The jury found the appellant guilty on evidence that he had sold a marijuana cigarette to Robert Smith in response to the latter’s request in a cafe in Seattle. Upon appeal, he has raised a number of questions, including the constitu*460tionality of the 40-year maximum sentence imposed upon him under RCW 69.33.410 (4).
While this case was pending, the legislature enacted Laws of 1969, Ex. Ses., ch. 256, § 11, p. 2392, providing that .the Uniform Narcotic Drug Act should not ever apply to marijuana. We held in State v. Zornes, 78 Wn.2d 9, 475 P.2d 109 (1970), that the legislature intended this act to apply to all pending cases', and that any prosecution involving marijuana brought under the authority of RCW 69.33 should be dismissed.
Since the appellant was charged under an act which does not apply to his alleged offense, the prosecution cannot be sustained. It has been suggested that the court should interpret the legislative intent so as to make only the penalty provisions of the 1969 dangerous drug act apply to pending cases. We can find no language restricting in such manner the broad statement contained in RCW 69.33.220 that “narcotic drugs shall not include cannabis and the provisions of this chapter shall not ever be applicable to any form of cannabis(Italics ours.) It is not the proper function of this court to revise the legislative intent, as that intent is expressed in the statutes.

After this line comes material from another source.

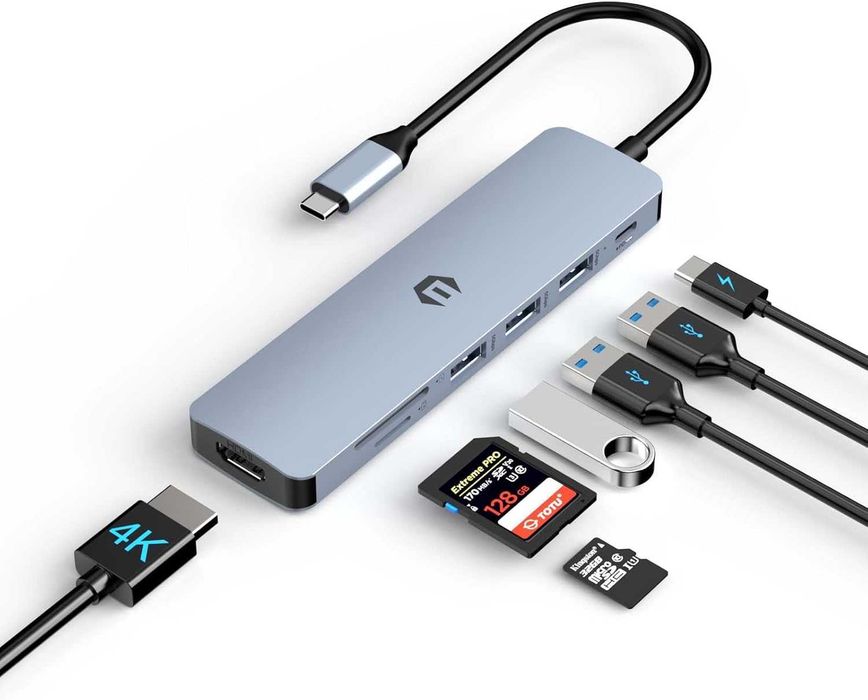 7-в-1 USB-C хъб с HDMI, USB-A,SD/TF и PD–универсален адаптер за лаптоп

Since none of the provisions of the Uniform Narcotic Drug Act apply to the appellant’s alleged act, a prosecution under the act cannot stand. State v. Zornes, supra. We know of no authority for the proposition that a defendant can be tried under an act which the legislature has decreed does not apply to his offense and be sentenced according to the penalties of a different act under which he was neither charged, tried nor convicted. It becomes unnecessary to discuss the issues raised by his assignments of error.
The judgment is reversed and the action is dismissed.
Hunter, C. J., Finley, Hamilton, Neill, and McGovern, JJ., concur.